Featured Flick: Legion

Yes, "Legion" is another one of those apocalyptic fear trains that Hollywood seems to be running these days, especially in preparation for 2012. God is coming and he's ticked.

He's had enough of our kind, but he promised not to wipe out mankind with water again after the Big Flood. Instead he sends mutant angels that for some reason possess weak people, grow sharp baby teeth and black eyes and talk like every demon I've ever heard speak in a thriller. Oh, except for Gabriel and Michael - they're British for some reason.

So we have thousands of angels killing billions of people, but we never see that. Jeep, played by Lucas Black, has prophetic dreams about how he's supposed to save his pregnant friend's baby, but no one ever discusses why he's having these dreams. Then there is the baby, who for some reason can be killed only up until the moment he's born. No one ever says how he's special or why the angels have to bow down to him or why God - who supposedly created everything - created him in the first place or can't kill him now. We also have Michael, played by Paul Bettany, who goes against God, falls to Earth, cuts off his wings and drives out into the desert to find the pregnant woman after collecting guns at a Los Angeles toy store. Because, you know, toy stores are corrupt like that.

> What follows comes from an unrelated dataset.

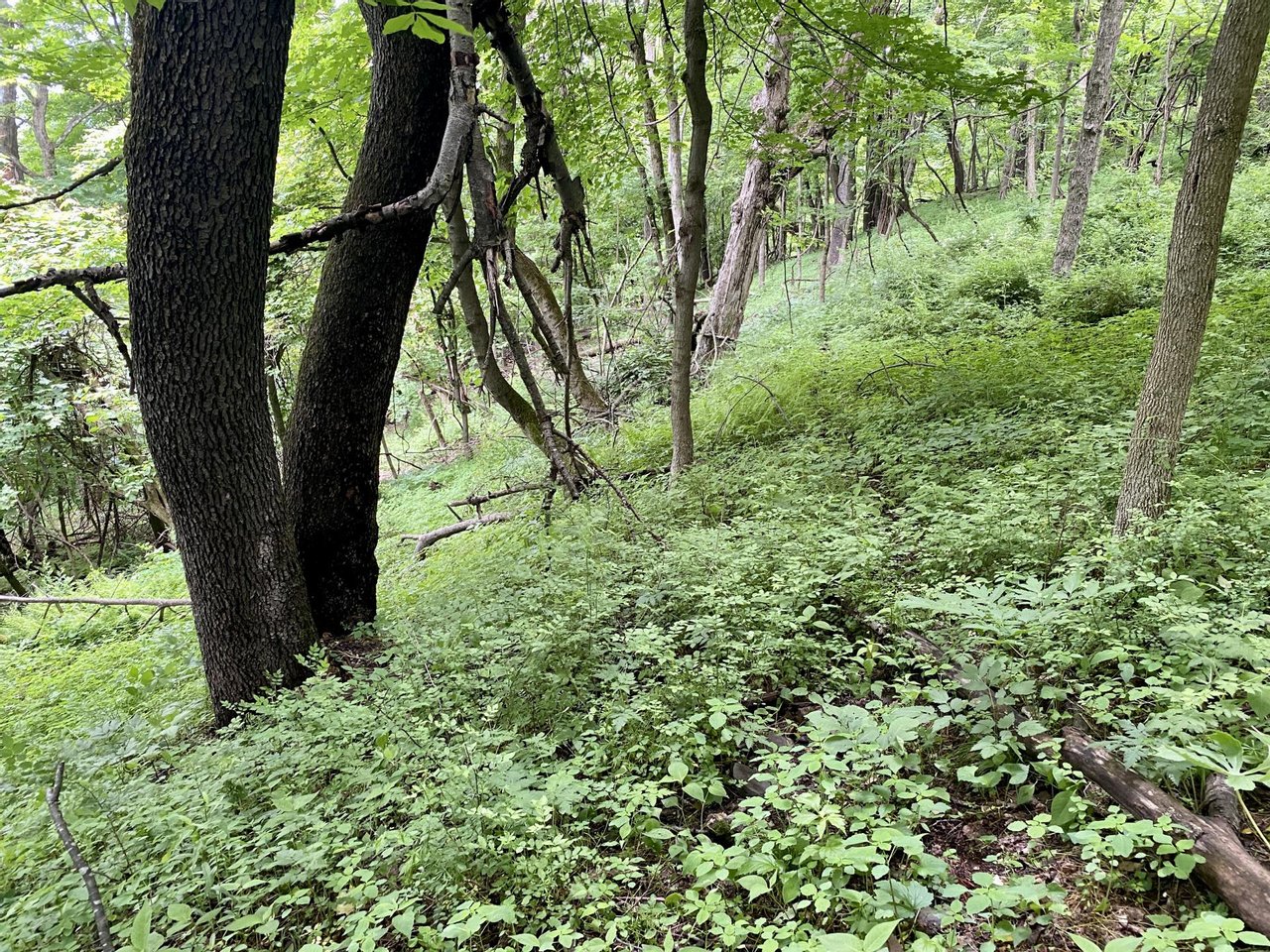 Mountain Rd. Somerset PA Hunting Land for Sale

Perhaps most bizarrely, when the angels in human form come to kill the baby, none of them bring weapons - though we know they can use them. And despite the eerie ability for these creatures to crawl across ceilings and run like galloping spiders, they never climb the building the people are trapped in or crush the building with their bodies or the hundreds of trucks they're driving. They also disappear for long stretches of the movie, probably to confuse the heck out of other bands of survivors, which we find out exist and are also able to fend off the angels. So the power of God is reduced to a creepy set of party tricks done by ill-equipped sky sharks. By the way, do you go to hell if you kill a bunch of people possessed by angels? Isn't that like a double sin?

What's also confusing is the fight between the newly human Michael and the archangel Gabriel, played by Kevin Durand. Gabriel is the only angel that can apparently come to Earth in his true form, has wings of steel - no, I'm not kidding - that can slice a man open and carries a mace that spins like a buzz saw. He's also not human, not alive and, you would think, not susceptible to death. But no, Michael nearly manages to strangle him and avoids Gabriel's wingtips and probably God-made weapon for most of the fight.

Although this movie starts off well - with funny dialog and great facial expressions - it falls apart after the first 30 minutes. It's confusing and dull the rest of the way through and never regains any semblance of knowing what it's trying to do. The film geared up to be an Old Testament blood fest, but God lost his touch.